[RECORDS FOR THIS EXERCISE — start]

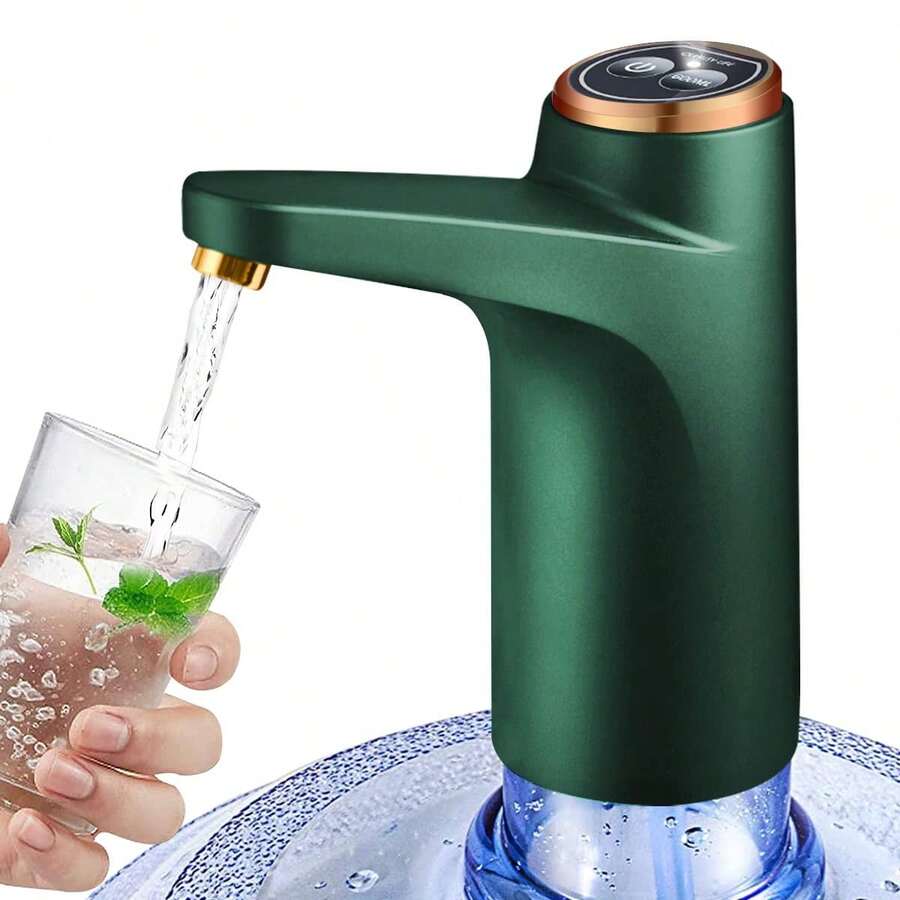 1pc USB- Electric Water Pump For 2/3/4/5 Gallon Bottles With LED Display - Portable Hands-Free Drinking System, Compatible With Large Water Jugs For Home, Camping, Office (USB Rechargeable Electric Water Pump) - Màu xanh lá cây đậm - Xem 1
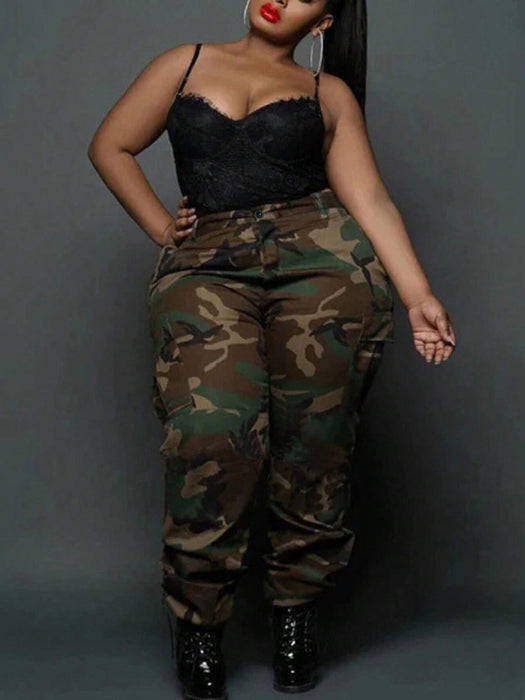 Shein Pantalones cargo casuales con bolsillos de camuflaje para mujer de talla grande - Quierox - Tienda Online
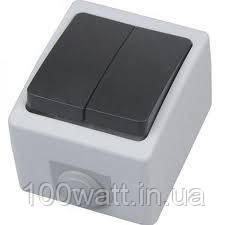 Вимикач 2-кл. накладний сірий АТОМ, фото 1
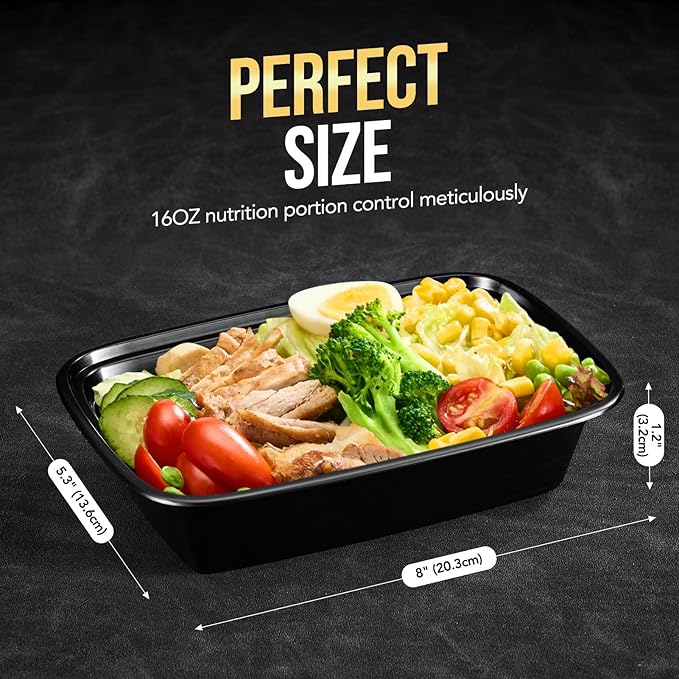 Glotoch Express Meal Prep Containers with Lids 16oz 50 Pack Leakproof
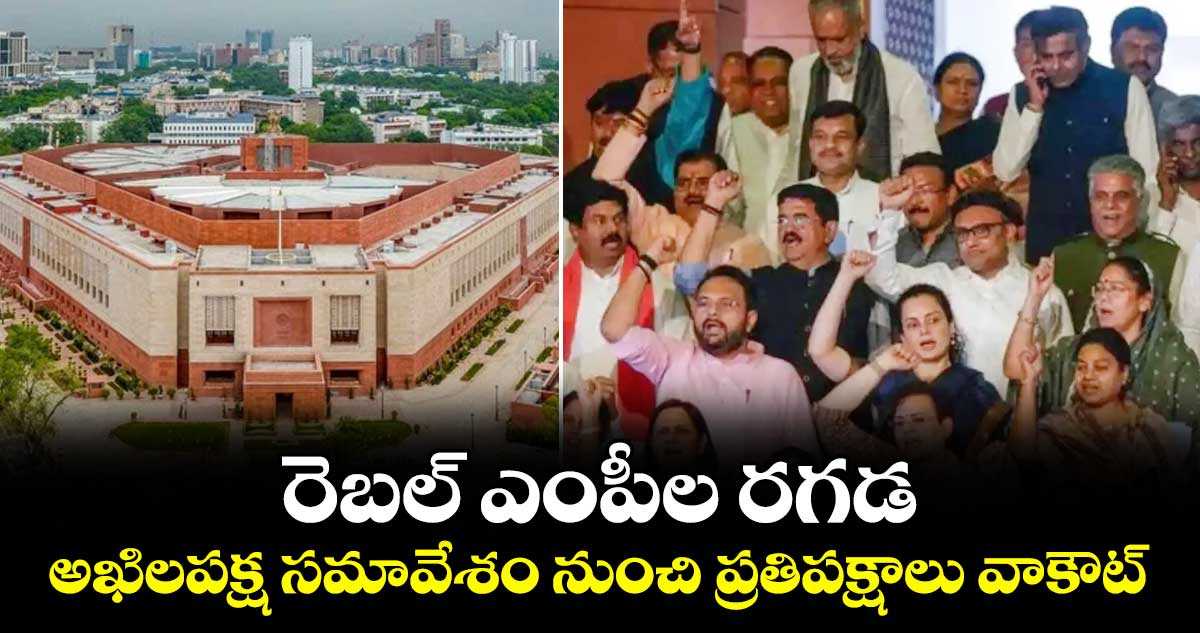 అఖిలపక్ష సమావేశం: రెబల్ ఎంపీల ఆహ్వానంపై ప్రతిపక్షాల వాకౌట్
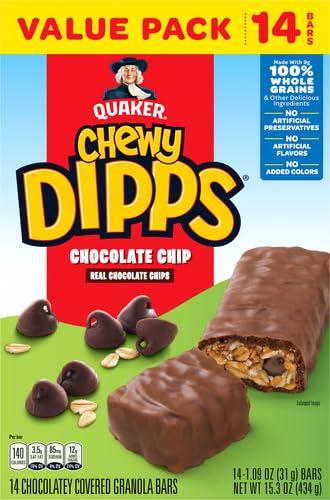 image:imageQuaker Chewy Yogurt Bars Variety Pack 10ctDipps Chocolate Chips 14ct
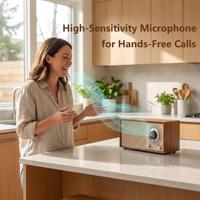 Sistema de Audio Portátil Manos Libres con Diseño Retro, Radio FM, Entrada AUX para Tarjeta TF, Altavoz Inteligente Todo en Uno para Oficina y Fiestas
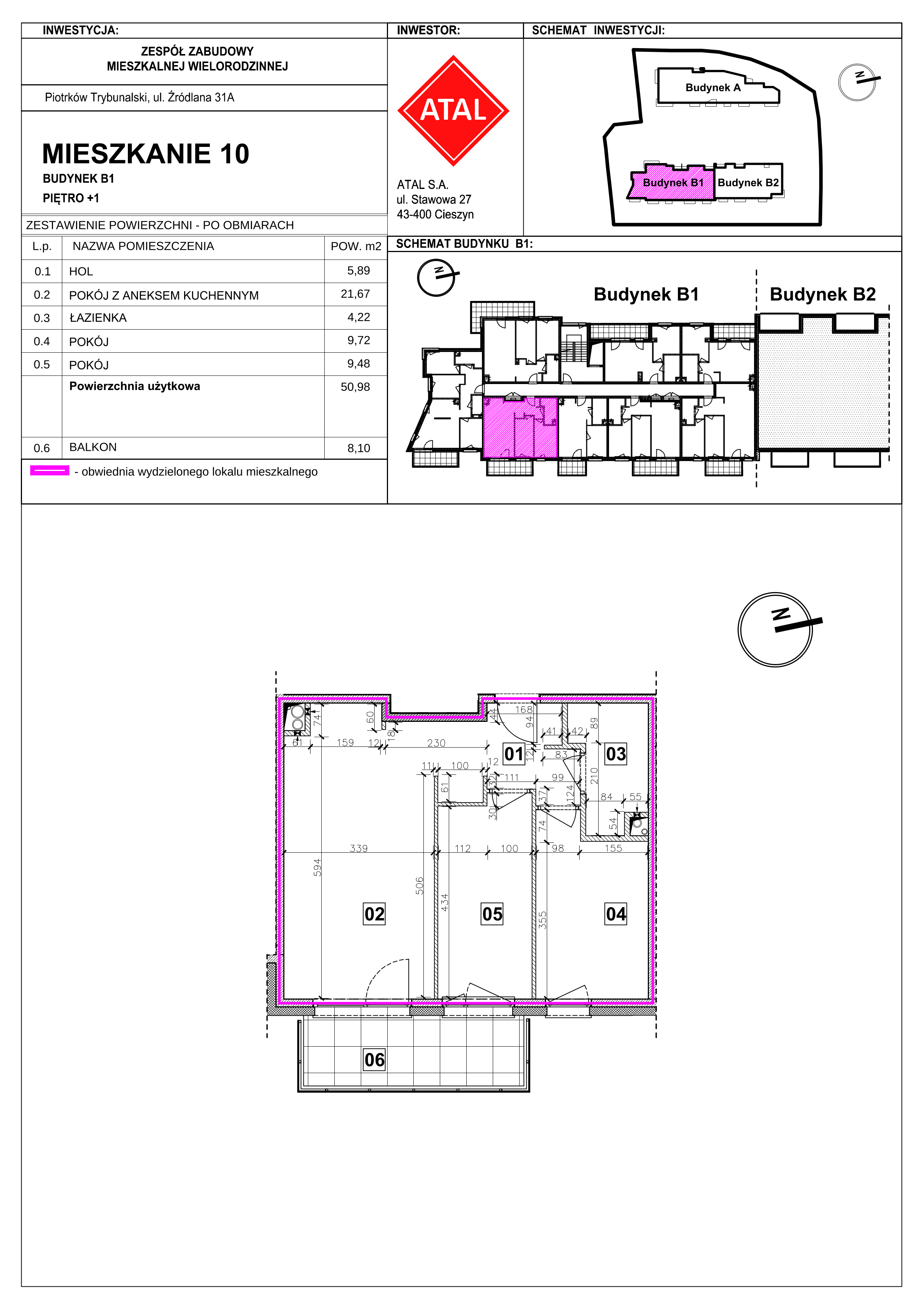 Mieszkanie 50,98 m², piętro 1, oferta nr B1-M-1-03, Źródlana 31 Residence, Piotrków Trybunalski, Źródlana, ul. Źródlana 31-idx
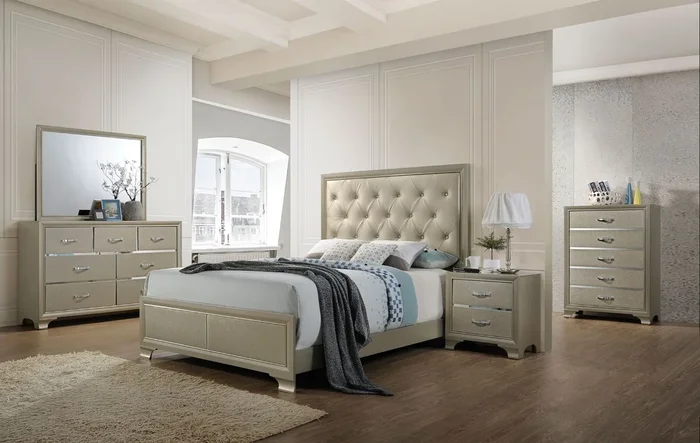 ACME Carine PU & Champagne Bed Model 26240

[RECORDS FOR THIS EXERCISE — finish]
[RECORDS FOR THIS EXERCISE — start]

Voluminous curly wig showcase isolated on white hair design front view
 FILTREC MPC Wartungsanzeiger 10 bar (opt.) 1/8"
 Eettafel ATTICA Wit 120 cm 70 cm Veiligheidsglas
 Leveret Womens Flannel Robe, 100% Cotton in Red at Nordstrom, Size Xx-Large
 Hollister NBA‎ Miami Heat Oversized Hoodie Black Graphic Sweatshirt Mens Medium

[RECORDS FOR THIS EXERCISE — finish]
[RECORDS FOR THIS EXERCISE — start]

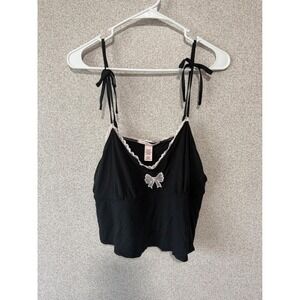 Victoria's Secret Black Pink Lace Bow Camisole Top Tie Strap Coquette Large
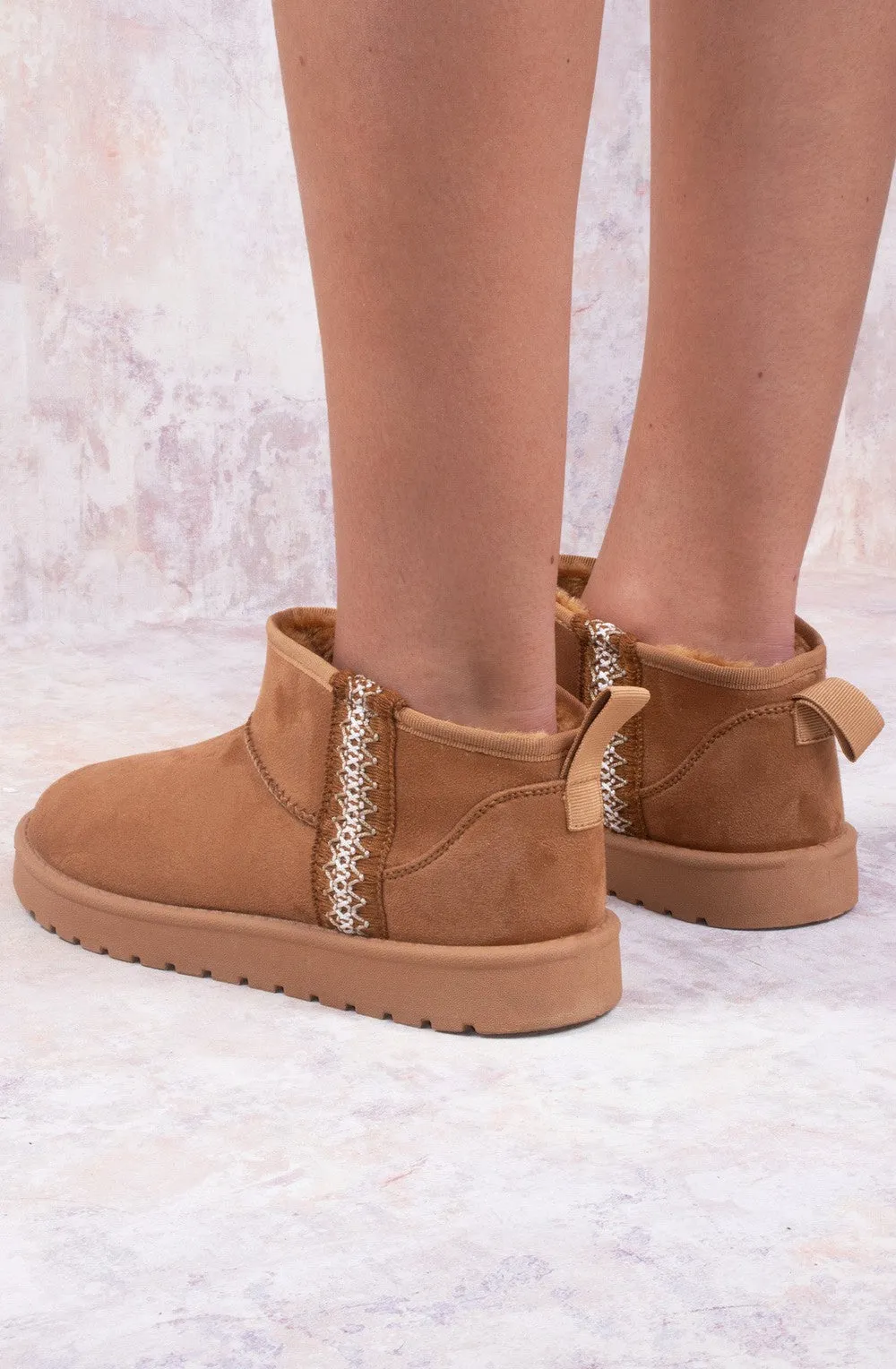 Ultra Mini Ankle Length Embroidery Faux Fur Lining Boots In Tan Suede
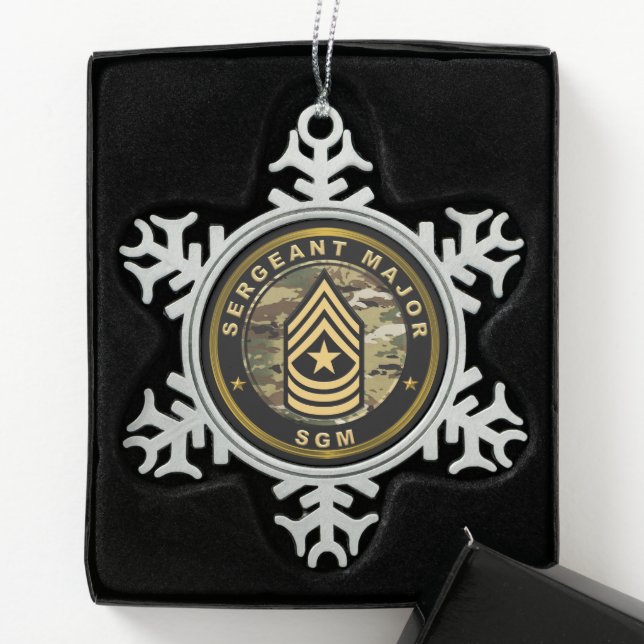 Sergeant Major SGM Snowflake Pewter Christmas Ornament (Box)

[RECORDS FOR THIS EXERCISE — finish]

WHAT IS BEING ASKED: Could you transcribe exactly the entries above, but only the lines from the one with "1pc USB- Electric" through the one with "Sistema de Audio", and without pictures?

YOUR RESPONSE:
 1pc USB- Electric Water Pump For 2/3/4/5 Gallon Bottles With LED Display - Portable Hands-Free Drinking System, Compatible With Large Water Jugs For Home, Camping, Office (USB Rechargeable Electric Water Pump) - Màu xanh lá cây đậm - Xem 1
 Shein Pantalones cargo casuales con bolsillos de camuflaje para mujer de talla grande - Quierox - Tienda Online
 Вимикач 2-кл. накладний сірий АТОМ, фото 1
 Glotoch Express Meal Prep Containers with Lids 16oz 50 Pack Leakproof
 అఖిలపక్ష సమావేశం: రెబల్ ఎంపీల ఆహ్వానంపై ప్రతిపక్షాల వాకౌట్
 image:imageQuaker Chewy Yogurt Bars Variety Pack 10ctDipps Chocolate Chips 14ct
 Sistema de Audio Portátil Manos Libres con Diseño Retro, Radio FM, Entrada AUX para Tarjeta TF, Altavoz Inteligente Todo en Uno para Oficina y Fiestas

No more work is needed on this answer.